The world appears to have lost a capacity to judge truth from falsehood, and even scientists– once the defenders of objective truth and critical thinking– have become increasingly a community of defenders of “consensus”.
While a virulent homogenization of thought contaminates scientific thinking on the one hand, “statistical probability theories” abound which defend notions like “multi-verses”, “randomness as the cause of order” and the denial of any objective truth. Could it be that this confusion in science that permeates all dominant standard models within biology, physics, chemistry and even psychology has something to do with the severing of classical artistic composition, purpose, or beauty from scientific thinking?
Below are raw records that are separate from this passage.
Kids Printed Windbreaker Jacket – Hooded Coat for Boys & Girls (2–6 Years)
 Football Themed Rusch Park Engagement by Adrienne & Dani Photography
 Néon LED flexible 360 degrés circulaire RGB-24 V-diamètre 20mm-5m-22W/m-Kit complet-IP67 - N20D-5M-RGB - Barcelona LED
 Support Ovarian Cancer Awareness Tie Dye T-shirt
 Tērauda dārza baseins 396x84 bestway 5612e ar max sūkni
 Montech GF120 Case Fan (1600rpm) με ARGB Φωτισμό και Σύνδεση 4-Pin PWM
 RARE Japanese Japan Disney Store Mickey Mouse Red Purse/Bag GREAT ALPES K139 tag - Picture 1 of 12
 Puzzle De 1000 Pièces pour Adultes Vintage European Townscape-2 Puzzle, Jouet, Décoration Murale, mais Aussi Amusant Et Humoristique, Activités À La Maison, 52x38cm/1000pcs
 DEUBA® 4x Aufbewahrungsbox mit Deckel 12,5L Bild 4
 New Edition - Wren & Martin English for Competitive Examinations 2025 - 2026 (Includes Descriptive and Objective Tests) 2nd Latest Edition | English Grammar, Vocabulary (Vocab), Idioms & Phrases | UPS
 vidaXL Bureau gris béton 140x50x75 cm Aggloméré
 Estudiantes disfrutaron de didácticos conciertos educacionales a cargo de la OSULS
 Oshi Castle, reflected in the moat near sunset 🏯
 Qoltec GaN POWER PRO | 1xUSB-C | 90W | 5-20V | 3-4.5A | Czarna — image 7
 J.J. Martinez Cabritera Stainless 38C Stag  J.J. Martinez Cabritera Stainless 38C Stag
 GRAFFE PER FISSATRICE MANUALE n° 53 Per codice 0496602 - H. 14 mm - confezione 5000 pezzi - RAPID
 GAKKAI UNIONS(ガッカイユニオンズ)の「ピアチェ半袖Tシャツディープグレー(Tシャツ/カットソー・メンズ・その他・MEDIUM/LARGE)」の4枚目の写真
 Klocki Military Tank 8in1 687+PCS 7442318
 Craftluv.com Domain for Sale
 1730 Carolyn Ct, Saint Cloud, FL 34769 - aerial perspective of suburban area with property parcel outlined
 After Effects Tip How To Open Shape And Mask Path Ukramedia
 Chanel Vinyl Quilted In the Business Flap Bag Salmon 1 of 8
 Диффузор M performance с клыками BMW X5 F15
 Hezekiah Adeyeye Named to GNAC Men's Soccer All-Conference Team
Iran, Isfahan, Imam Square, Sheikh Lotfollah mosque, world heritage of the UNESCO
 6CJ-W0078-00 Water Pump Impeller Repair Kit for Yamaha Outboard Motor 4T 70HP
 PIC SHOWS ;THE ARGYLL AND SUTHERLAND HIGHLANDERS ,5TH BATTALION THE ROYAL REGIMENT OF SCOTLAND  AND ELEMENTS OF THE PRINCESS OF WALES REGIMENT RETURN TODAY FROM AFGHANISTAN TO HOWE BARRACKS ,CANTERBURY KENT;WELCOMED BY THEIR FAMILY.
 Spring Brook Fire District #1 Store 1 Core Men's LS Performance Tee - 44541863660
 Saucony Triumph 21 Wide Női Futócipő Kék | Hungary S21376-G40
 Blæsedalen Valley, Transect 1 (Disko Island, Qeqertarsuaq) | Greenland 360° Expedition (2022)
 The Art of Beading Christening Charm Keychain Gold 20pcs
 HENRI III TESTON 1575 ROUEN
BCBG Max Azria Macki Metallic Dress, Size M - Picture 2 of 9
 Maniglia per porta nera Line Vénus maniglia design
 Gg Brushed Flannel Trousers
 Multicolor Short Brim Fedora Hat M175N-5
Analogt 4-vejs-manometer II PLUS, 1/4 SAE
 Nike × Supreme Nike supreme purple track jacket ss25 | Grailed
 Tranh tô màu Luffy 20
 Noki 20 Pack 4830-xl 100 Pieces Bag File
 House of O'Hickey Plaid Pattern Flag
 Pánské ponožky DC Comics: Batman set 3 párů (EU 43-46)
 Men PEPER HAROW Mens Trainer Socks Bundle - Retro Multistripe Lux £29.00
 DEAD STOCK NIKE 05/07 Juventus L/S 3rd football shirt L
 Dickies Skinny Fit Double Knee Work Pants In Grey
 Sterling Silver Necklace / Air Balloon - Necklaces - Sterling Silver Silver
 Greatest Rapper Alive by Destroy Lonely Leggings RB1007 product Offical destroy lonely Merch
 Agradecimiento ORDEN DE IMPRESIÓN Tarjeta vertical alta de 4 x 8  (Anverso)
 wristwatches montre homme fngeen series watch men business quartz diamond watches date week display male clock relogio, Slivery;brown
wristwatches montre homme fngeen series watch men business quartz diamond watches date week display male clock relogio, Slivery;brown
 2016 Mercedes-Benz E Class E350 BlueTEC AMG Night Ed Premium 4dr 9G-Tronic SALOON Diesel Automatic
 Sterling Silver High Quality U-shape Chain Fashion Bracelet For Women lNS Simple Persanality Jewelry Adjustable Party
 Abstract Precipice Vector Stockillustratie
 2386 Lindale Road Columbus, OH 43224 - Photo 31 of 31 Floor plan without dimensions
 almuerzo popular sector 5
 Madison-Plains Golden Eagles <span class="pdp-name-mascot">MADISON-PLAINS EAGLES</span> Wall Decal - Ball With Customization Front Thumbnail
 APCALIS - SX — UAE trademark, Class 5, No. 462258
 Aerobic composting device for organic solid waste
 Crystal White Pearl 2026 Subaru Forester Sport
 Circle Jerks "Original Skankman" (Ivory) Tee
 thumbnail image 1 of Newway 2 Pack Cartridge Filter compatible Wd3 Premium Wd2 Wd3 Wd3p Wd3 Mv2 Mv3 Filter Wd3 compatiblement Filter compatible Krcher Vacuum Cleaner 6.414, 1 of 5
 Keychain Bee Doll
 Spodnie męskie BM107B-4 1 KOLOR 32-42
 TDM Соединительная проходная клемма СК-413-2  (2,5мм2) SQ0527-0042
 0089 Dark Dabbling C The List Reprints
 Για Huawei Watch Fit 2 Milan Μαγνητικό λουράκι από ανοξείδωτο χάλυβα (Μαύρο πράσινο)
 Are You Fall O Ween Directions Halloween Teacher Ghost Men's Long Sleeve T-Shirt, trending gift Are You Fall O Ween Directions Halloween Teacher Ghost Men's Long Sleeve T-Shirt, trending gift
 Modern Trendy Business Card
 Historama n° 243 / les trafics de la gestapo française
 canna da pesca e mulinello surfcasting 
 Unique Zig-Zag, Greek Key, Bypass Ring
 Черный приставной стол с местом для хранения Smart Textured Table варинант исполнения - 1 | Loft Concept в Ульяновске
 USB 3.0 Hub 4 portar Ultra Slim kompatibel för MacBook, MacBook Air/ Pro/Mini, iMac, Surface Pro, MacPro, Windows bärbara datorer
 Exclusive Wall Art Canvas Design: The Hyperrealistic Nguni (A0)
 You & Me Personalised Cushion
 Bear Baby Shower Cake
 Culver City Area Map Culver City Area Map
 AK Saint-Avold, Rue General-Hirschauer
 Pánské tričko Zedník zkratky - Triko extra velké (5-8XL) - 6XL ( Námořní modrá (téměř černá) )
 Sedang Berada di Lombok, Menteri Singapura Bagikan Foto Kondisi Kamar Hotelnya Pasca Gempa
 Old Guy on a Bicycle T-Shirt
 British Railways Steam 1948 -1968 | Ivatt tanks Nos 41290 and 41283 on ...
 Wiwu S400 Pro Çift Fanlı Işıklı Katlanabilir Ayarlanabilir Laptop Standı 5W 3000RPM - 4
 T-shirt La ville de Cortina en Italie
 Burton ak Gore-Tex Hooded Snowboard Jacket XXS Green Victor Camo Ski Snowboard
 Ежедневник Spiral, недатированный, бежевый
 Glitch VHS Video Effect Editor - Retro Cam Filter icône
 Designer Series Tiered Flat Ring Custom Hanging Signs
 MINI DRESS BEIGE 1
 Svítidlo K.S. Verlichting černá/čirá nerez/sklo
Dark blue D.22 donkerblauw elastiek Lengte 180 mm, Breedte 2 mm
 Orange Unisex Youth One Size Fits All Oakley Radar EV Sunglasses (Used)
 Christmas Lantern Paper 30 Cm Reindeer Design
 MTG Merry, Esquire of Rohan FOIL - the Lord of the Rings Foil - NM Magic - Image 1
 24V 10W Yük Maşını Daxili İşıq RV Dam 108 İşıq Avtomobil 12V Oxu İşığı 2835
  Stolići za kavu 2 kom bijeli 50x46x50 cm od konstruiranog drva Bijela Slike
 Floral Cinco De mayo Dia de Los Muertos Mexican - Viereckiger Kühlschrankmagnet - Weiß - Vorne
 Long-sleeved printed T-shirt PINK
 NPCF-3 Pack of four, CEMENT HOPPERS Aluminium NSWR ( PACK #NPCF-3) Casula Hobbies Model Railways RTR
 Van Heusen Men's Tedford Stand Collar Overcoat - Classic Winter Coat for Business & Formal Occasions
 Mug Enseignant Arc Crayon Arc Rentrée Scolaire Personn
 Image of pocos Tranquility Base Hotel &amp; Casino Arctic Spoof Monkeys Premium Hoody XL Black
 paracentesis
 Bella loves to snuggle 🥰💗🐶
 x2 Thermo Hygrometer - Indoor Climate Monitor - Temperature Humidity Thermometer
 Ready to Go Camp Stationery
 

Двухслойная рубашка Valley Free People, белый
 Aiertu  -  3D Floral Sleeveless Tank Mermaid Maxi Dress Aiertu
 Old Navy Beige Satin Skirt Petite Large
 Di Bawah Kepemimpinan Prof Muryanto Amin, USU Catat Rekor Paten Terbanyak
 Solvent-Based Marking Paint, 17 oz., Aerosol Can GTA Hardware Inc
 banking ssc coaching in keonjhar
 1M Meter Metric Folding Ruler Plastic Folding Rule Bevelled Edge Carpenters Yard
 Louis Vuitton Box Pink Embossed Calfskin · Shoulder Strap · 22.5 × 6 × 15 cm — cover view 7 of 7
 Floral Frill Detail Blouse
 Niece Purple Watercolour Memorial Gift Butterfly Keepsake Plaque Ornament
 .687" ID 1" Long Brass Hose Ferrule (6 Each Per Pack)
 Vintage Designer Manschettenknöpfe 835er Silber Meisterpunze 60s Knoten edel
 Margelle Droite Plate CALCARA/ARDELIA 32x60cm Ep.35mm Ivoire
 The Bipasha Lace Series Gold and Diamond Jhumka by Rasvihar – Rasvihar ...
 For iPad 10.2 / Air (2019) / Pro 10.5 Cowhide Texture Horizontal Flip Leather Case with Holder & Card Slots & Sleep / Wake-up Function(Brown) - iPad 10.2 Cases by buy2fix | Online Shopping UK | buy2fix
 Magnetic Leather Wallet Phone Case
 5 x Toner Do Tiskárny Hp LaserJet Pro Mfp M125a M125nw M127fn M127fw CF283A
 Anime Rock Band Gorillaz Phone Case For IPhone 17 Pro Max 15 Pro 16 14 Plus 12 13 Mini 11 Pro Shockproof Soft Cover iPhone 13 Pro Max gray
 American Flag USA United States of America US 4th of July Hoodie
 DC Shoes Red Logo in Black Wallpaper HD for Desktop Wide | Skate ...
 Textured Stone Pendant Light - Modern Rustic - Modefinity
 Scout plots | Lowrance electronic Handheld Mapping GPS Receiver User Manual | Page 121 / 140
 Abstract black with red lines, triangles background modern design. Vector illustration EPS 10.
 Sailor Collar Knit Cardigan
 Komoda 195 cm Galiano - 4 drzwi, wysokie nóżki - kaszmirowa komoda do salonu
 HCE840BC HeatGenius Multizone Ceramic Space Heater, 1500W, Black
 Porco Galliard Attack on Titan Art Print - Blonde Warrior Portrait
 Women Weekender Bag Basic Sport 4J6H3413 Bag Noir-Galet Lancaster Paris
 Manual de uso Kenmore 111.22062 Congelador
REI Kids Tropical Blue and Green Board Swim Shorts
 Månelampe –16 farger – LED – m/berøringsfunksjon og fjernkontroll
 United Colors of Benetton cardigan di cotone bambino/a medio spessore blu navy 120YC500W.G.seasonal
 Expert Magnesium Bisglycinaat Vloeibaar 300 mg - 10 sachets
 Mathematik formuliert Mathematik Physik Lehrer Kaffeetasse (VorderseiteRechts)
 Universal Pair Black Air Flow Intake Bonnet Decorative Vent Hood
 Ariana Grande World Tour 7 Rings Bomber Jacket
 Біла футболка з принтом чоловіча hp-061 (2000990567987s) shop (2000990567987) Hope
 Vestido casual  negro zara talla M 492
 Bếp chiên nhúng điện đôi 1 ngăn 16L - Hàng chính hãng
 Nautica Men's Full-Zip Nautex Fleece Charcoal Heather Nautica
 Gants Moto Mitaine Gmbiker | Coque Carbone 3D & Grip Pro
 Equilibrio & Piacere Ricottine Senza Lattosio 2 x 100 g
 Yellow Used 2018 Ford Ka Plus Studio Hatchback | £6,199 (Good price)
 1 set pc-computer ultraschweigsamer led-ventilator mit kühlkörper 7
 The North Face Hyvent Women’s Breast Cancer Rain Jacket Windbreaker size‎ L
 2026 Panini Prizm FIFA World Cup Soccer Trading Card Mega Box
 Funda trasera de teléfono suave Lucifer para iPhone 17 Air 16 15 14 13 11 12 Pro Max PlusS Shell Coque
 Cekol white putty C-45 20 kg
In ‘Science Unshackled: Restoring Causality in a World of Chaos‘, Matthew Ehret explores these questions with a look towards the philosophical clashes that took place in ancient Athens between the followers of Plato vs the devotees of Aristotle. The two opposing traditions flowing continuously from this clash (sloppy labelled together as “western scientific thought”) are traced across two millennia to our present age.
Where one current posits a living universe of creativity, law and design moving towards ever increasing states of perfectibility, and even assisted in this process by humankind, the other current of thought posits a universe shaped by death, decay and entropy, moving to ever increasing states of disorder, homogeneity. The political expressions of either system will be explored throughout these chapters as well.